• **What the task requires**: After locating the line with "Draw-Tite Dual-Ball Ball Mount - DRA63076" in the entries below, output it and each following line up to and including the line with "Adventure Duck vs", exactly and without pictures.

• **Dataset excerpts**:
+===+

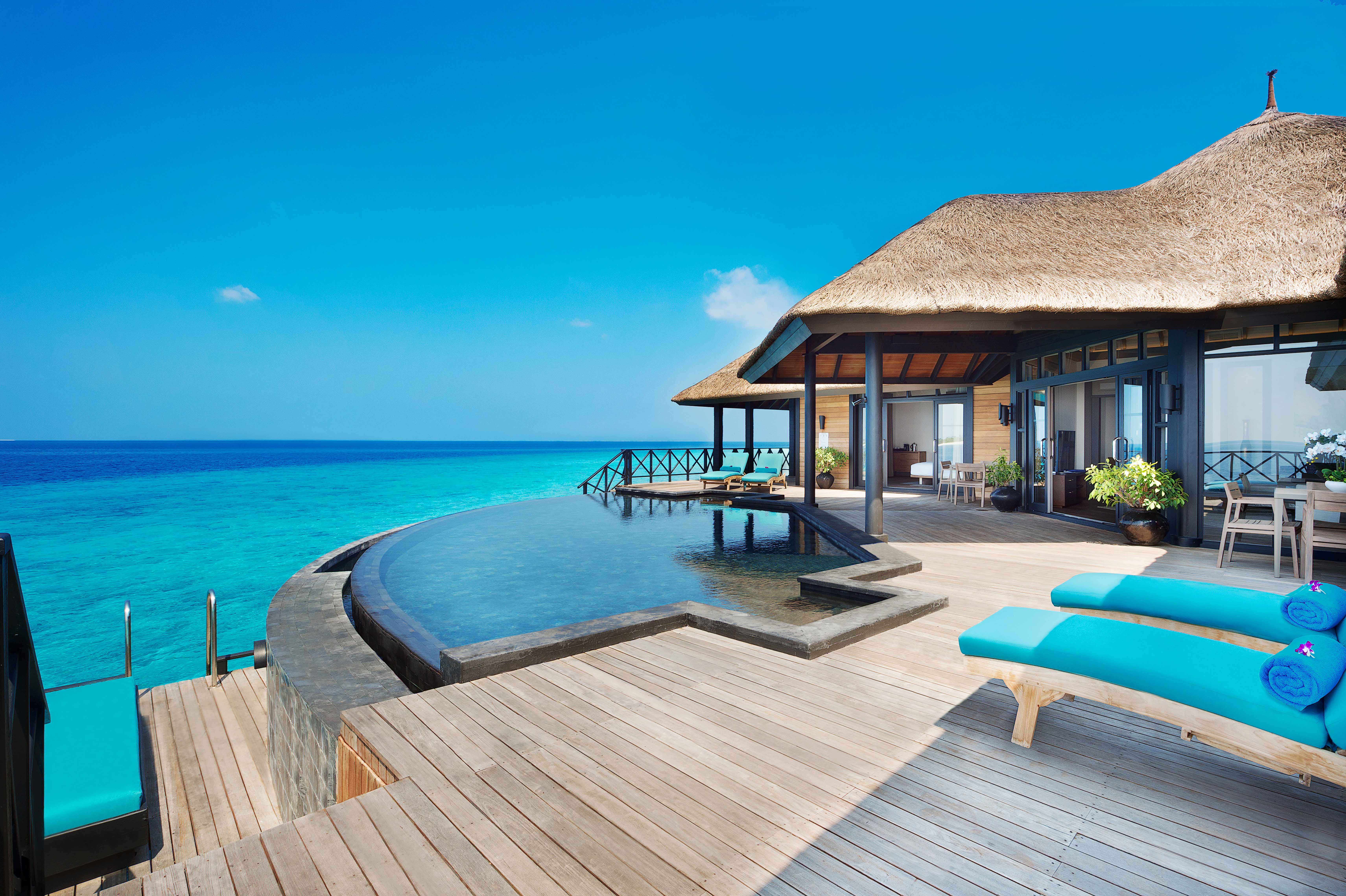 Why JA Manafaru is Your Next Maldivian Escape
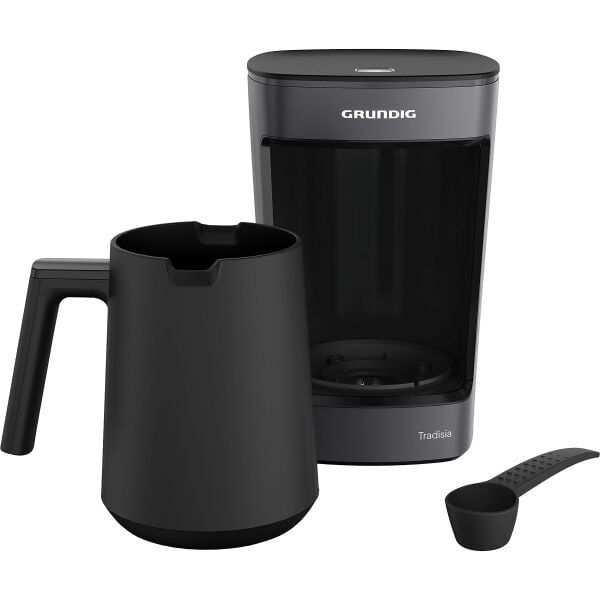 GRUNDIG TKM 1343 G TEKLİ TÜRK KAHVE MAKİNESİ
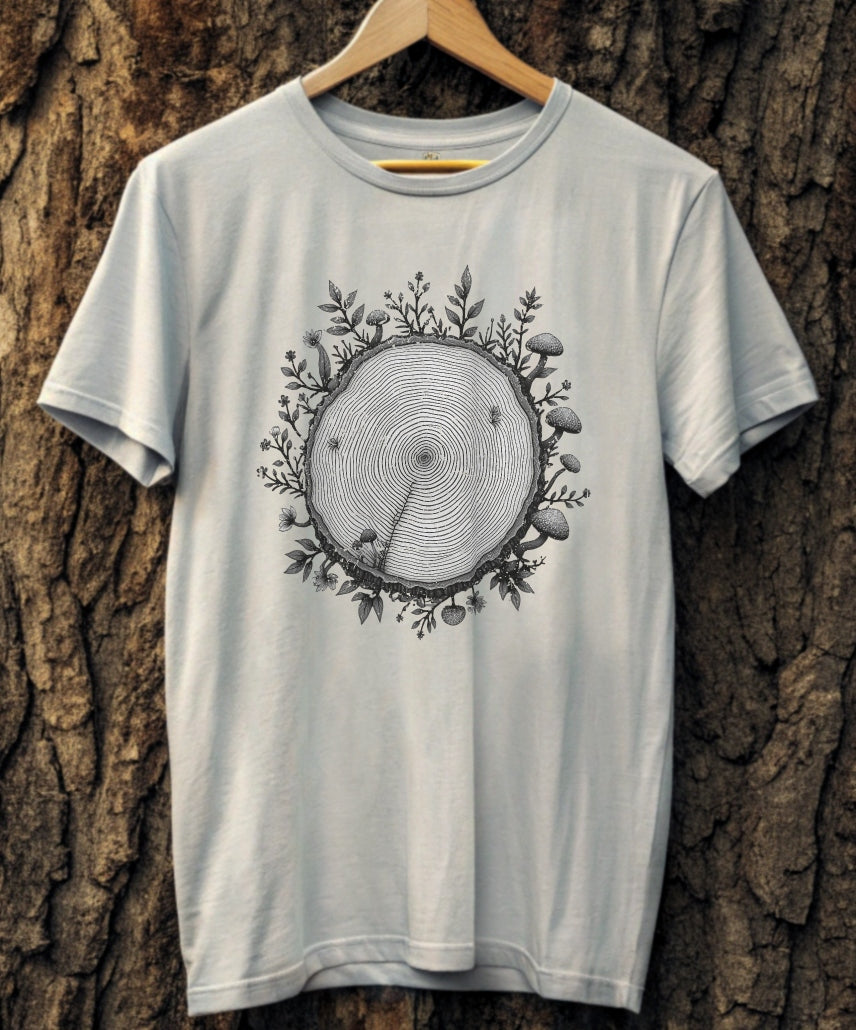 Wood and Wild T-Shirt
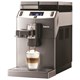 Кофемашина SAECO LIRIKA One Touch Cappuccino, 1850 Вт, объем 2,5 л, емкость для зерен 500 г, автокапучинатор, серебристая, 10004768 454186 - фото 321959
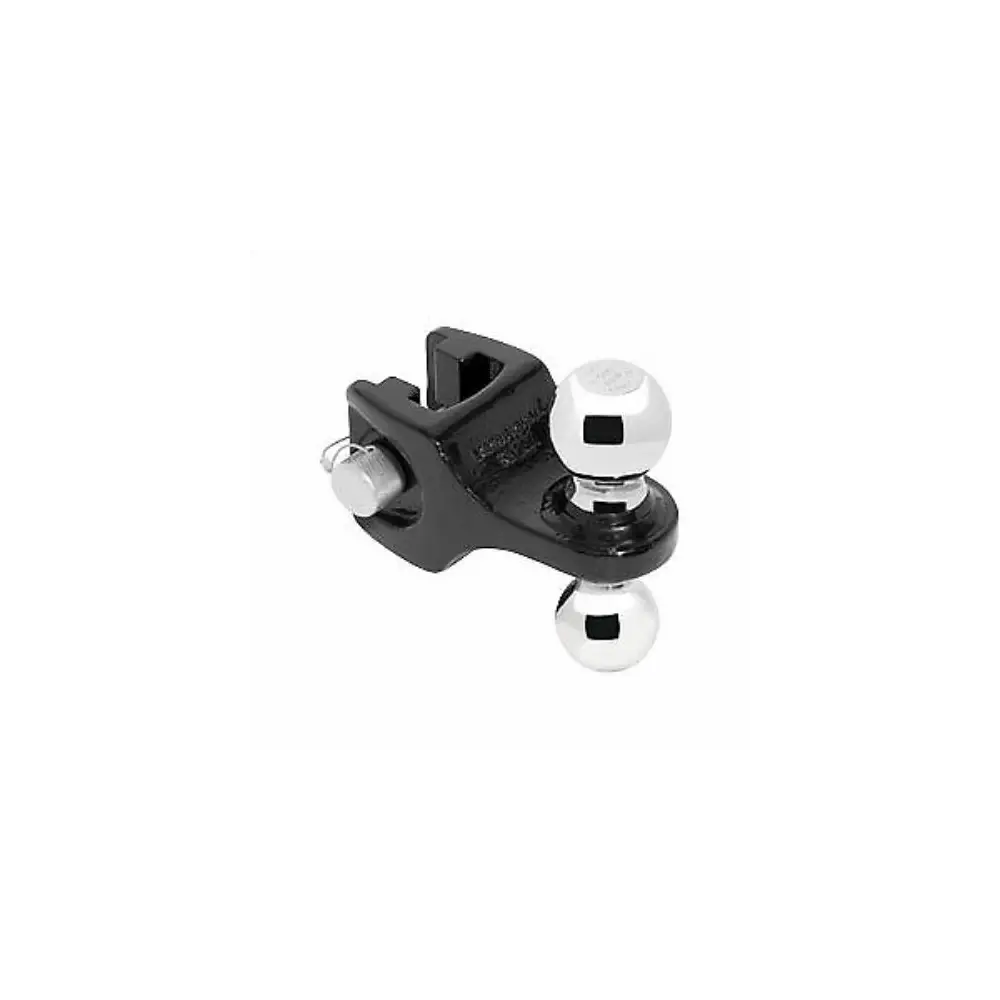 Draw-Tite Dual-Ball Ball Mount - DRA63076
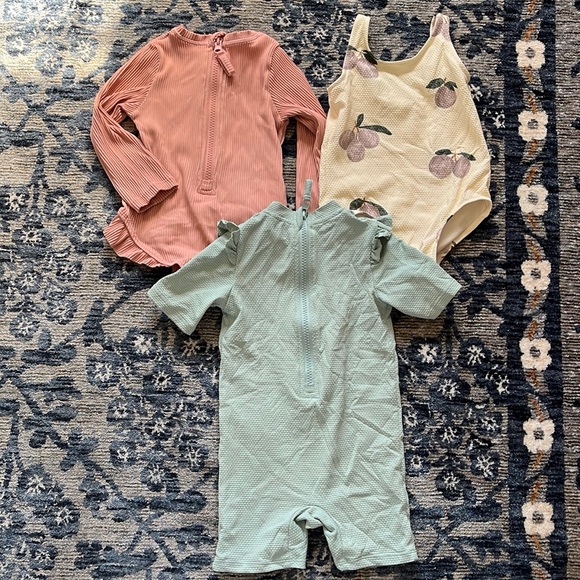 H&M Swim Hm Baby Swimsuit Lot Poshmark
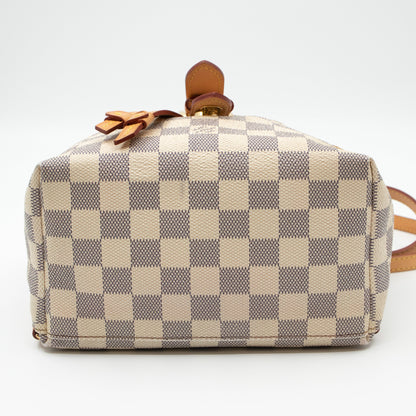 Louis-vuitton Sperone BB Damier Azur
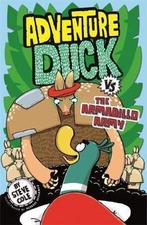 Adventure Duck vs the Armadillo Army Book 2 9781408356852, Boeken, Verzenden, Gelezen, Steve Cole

+===+

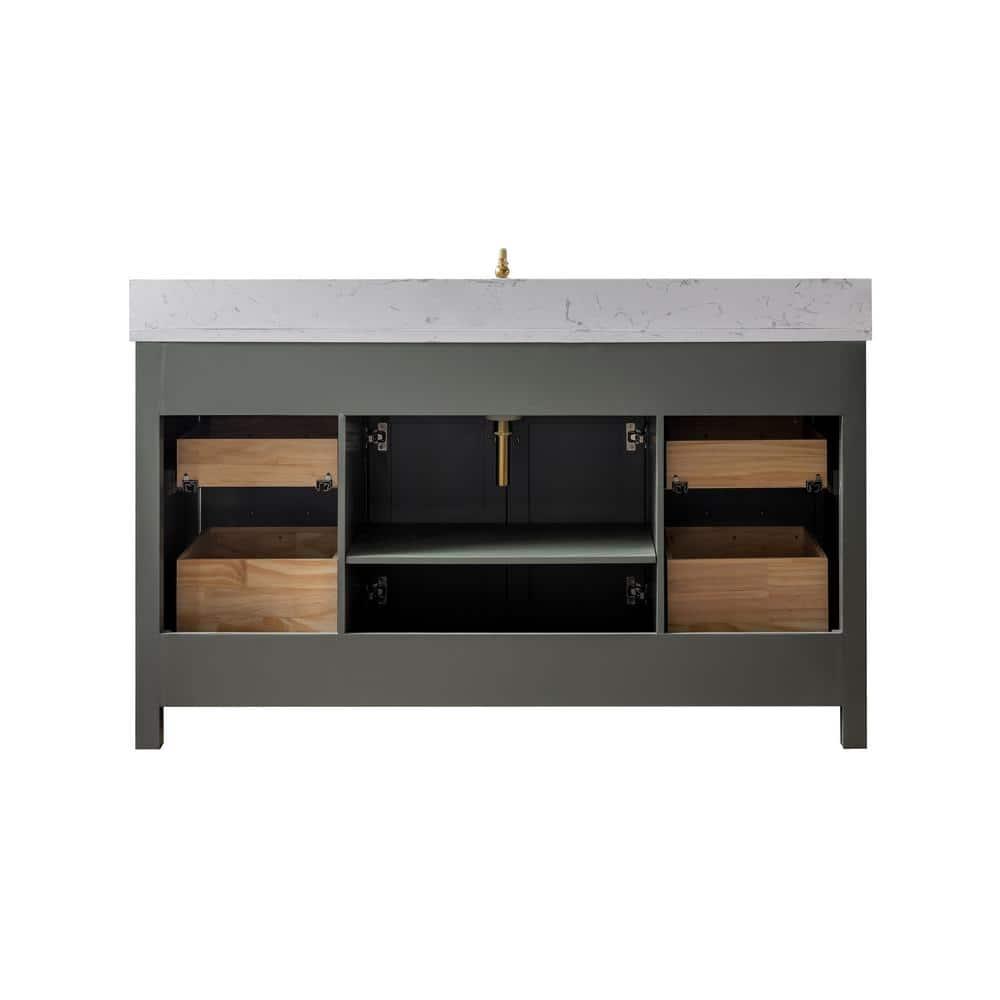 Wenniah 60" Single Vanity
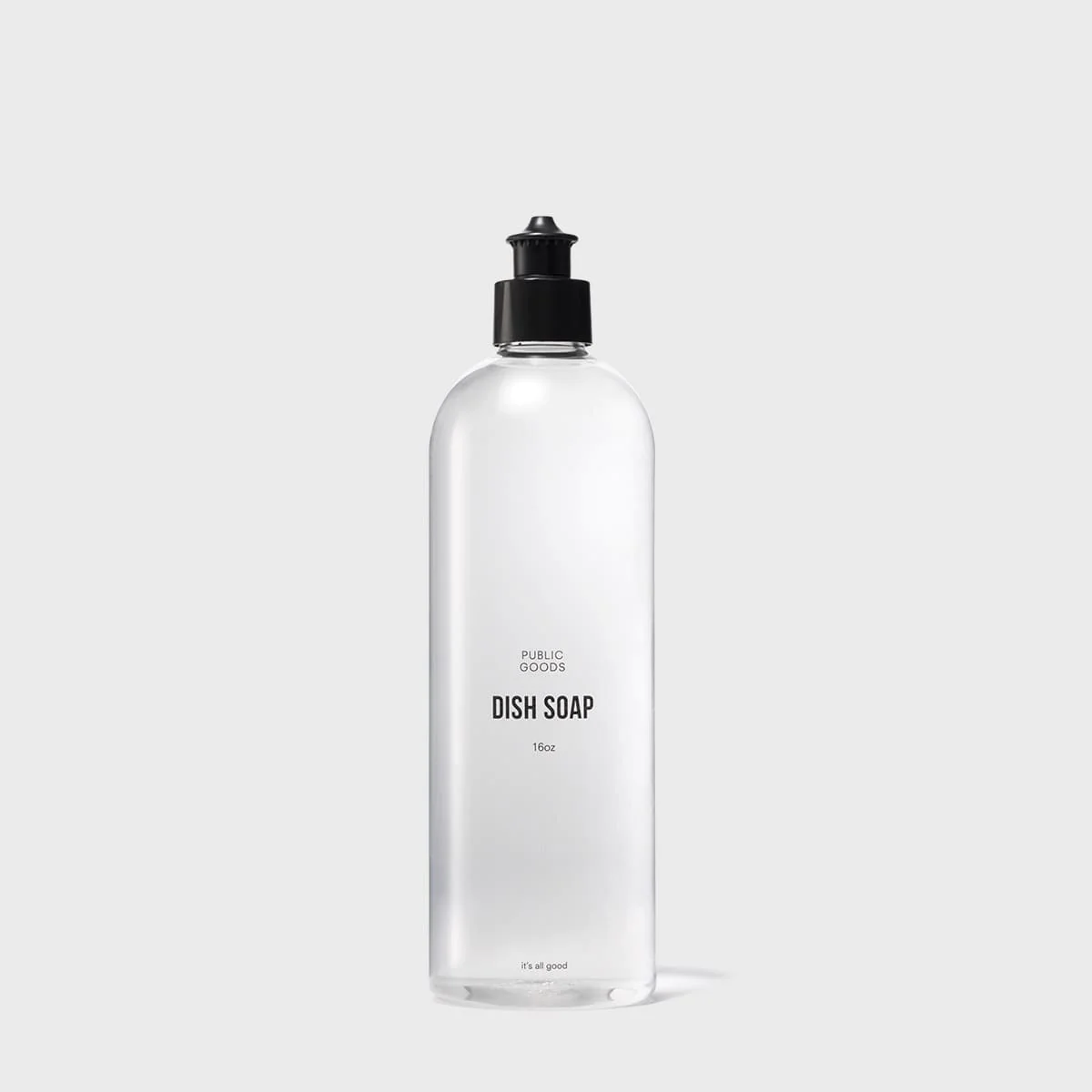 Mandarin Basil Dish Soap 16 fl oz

+===+

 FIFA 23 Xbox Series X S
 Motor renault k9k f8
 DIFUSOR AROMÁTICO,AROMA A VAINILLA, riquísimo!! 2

+===+

• **Answer space**:
 Draw-Tite Dual-Ball Ball Mount - DRA63076
 H&M Swim Hm Baby Swimsuit Lot Poshmark
 Louis-vuitton Sperone BB Damier Azur
 Adventure Duck vs the Armadillo Army Book 2 9781408356852, Boeken, Verzenden, Gelezen, Steve Cole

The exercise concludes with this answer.